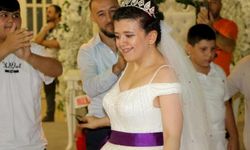 Epilepsi hastası kızına damatsız düğün yapıp, hayalini gerçekleştirdi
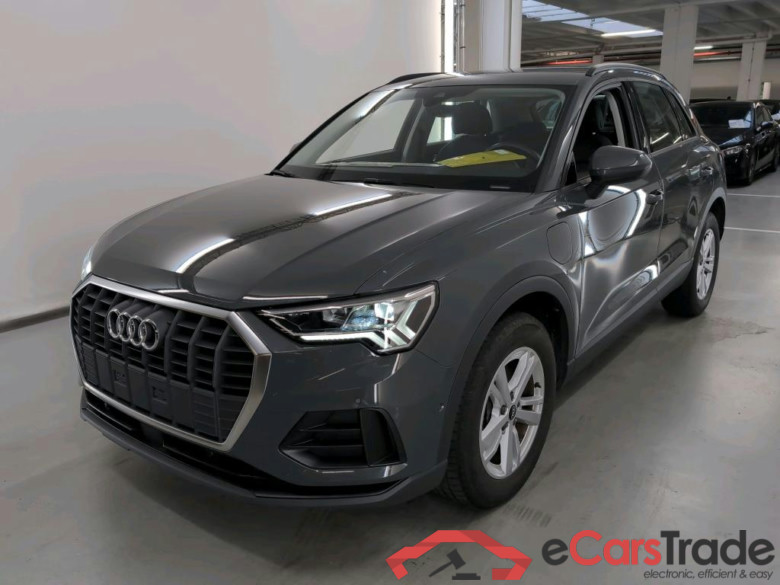AUDI Q3 1.4 45 TFSI E S TRONIC
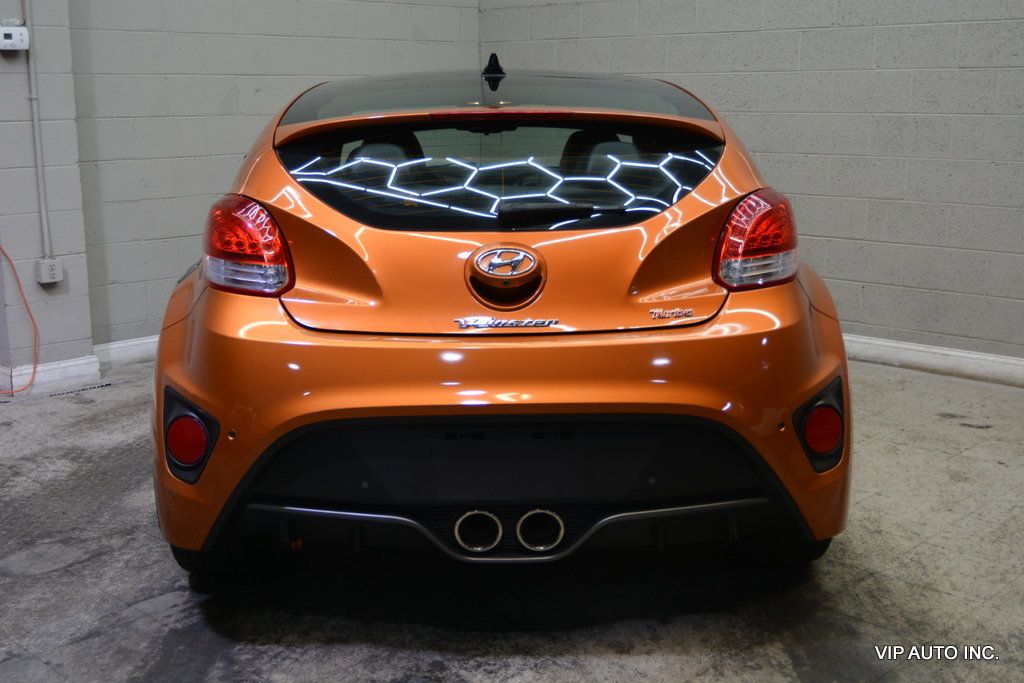 2016 Hyundai Veloster 3dr Coupe Manual Turbo w/Orange Accent - 22976409 - 32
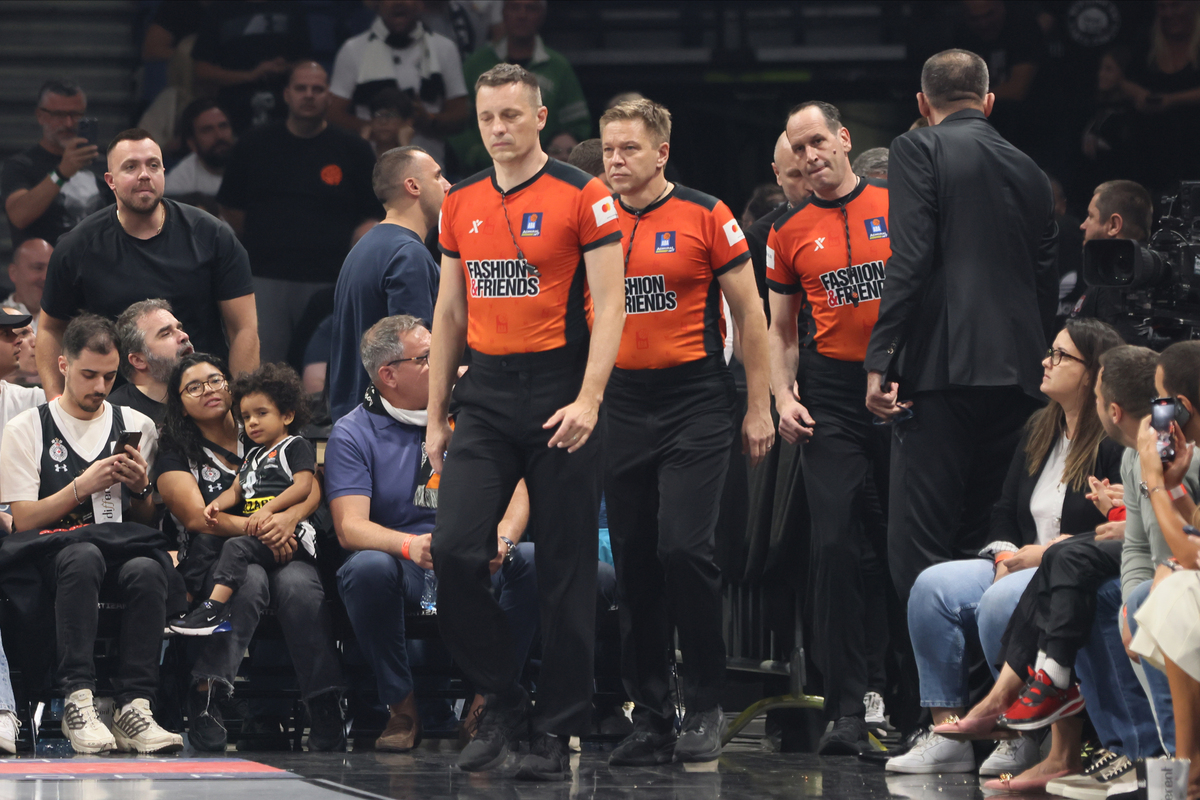 SASA PUKL, DAMIR JAVOR, TOMISLAV HORDOV sudije kosarkasi Partizana na utakmici polufinala Jadranske ABA lige protiv Buducnosti Podgorica u hali Beogradska arena, Beograd 10.05.2024. godine Foto: Marko Metlas Kosarka, Partizan, Jadranska ABA liga, Buducnost Podgorica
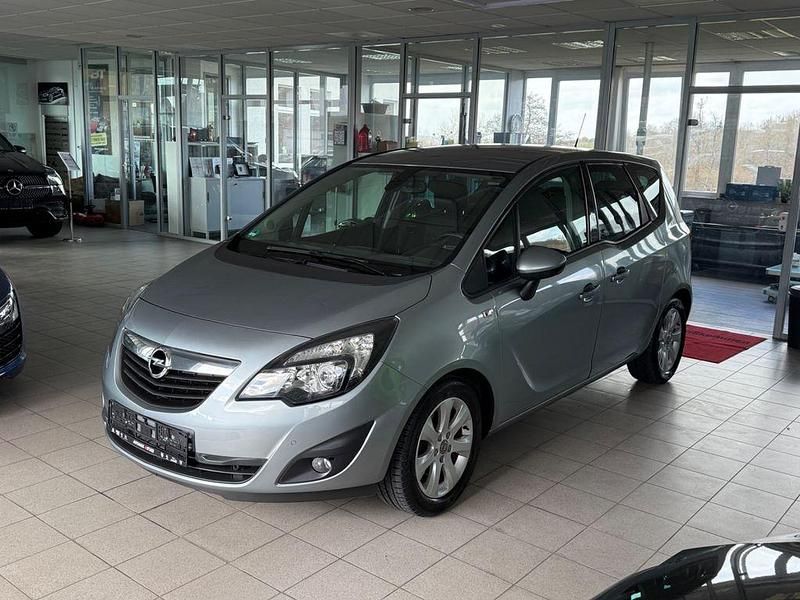 Gebraucht Opel Meriva Design Edition 120 PS (88 kW) 2012 Silber Van / Kleinbus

How to complete this task: An exact copy of the listing is needed, minus its pictures.

Reply:
 Epilepsi hastası kızına damatsız düğün yapıp, hayalini gerçekleştirdi
AUDI Q3 1.4 45 TFSI E S TRONIC
 2016 Hyundai Veloster 3dr Coupe Manual Turbo w/Orange Accent - 22976409 - 32
 SASA PUKL, DAMIR JAVOR, TOMISLAV HORDOV sudije kosarkasi Partizana na utakmici polufinala Jadranske ABA lige protiv Buducnosti Podgorica u hali Beogradska arena, Beograd 10.05.2024. godine Foto: Marko Metlas Kosarka, Partizan, Jadranska ABA liga, Buducnost Podgorica
 Gebraucht Opel Meriva Design Edition 120 PS (88 kW) 2012 Silber Van / Kleinbus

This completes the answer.